Closed Murugurugan closed 1 year ago
Hello @Murugurugan ,
Thanks for the issue reported. Would it be possible for you to clarify better what is working and what not, with clear steps to reproduce both cases.
It seems that u are starting a Flow locally and trying to access it but also trying to deploy a Flow in Kubernetes, but is not clear which error or behavior corresponds to each of them.
As for the issue with httpx
. This is an expected behavior.
Flows exposing http
only expose post
endpoint by default, since Flows will contain multiple Executors, we do not expose the endpoints of the Executors, although this may change in other releases if you request it. On the other hand, in a future release that is to be released soon, you will be able to expose a single Executor with http
protocol that will have the same endpoints as in the @requests
decorator.
So what you should do is the following:
import httpx
url = "http://localhost:80/post"
headers = {"Content-Type": "application/json"}
payload = {"data": [{"text": ""},{"text": ""}], "endpoint": "/test"} # this will tell the Flow which endpoint to be called for its Executors.

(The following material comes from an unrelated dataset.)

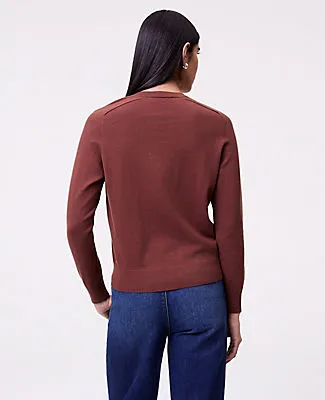 Ann Taylor V-Neck Sweater sold by Ann Taylor product image thumbnail 2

response = httpx.post(url, json=payload, headers=headers)
print(response.json())
The Flow was just to showcase what generated the Kubernetes YAML files, which I am deploying with kubectl apply -R -f ./k8s
. In the gateway.yml or executor0.yml I am not changing anything, only replicas for now. I am not sure if every executor can be running on the same port, because currently they are set to run on 8080 for both executor0 and gateway, but I am still getting the responses, just sequantially. My Dockerfile is using jina version: jinaai/jina:master-py311-perf
and I sometimes switch to jinaai/jina:master-py311-standard
in gateway, but that doesn't seem to change a thing.

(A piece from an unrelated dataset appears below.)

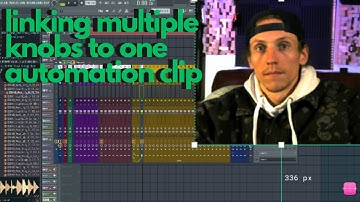 LINKING MULTIPLE KNOBS TO ONE AUTOMATION CLIP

Weirdly enough, even if I change the payload of httpx to payload = {"data": [{"text": ""},{"text": ""}], "endpoint": "/test"}
it still gives me the response: {'detail': 'Method Not Allowed'}
, so maybe the problem is somewhere else.

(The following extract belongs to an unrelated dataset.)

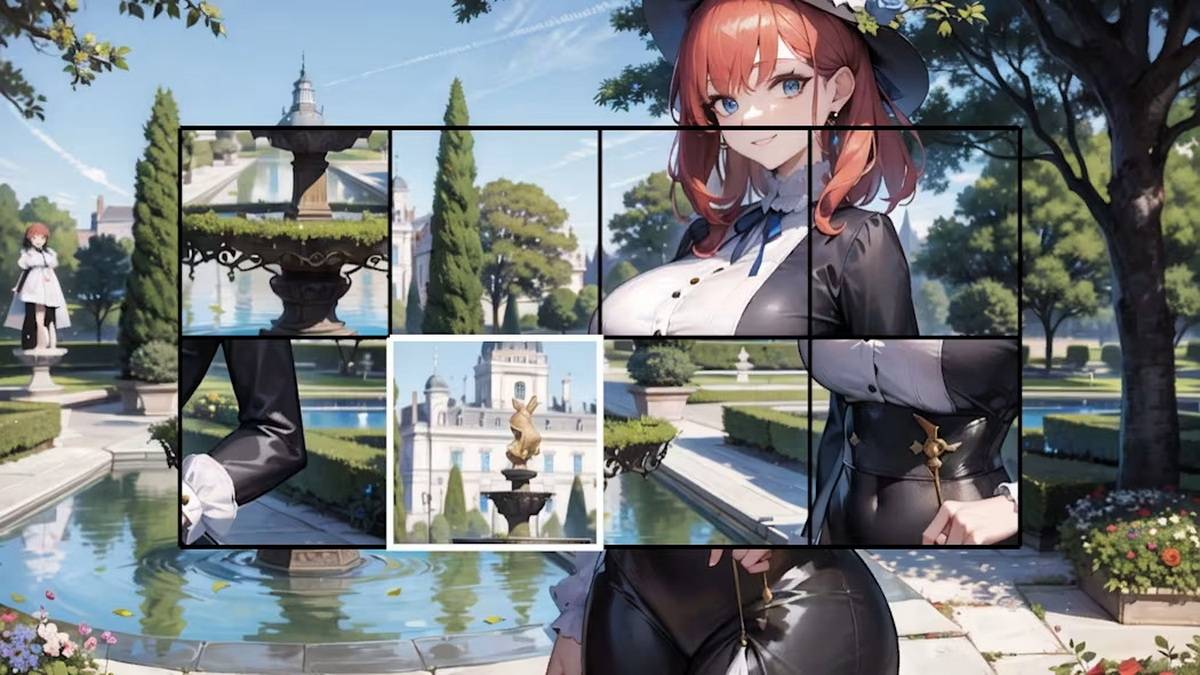 动漫女孩：浪漫巴黎.Hentai Girls: Paris Romance_1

But this code is working just fine:
c = Client(host="localhost", port=80, protocol='http')
da = c.post('/test', DocumentArray.empty(10))
print(da.texts)
My main issue is that I want the cluster to work for more than 1 person as I want the parallel requests to be processed concurrently. Without that having a kubernetes cluster makes no sense. If 1 replica is working on something, I want the next request to switch automatically to the other replica, so they get results with the same delay.
The code snippets I gave you is exactly the minimal code that I have right now and it still doesn't work. In the test_image docker image I also have these:
init.py
from .executor import test_fnc
config.yml
jtype: test_fnc
py_modules:
- __init__.py
Dockerfile
FROM jinaai/jina:master-py311-perf
COPY . /executor_root/
WORKDIR /executor_root
RUN pip install -r requirements.txt
ENTRYPOINT ["jina", "executor", "--uses", "config.yml"]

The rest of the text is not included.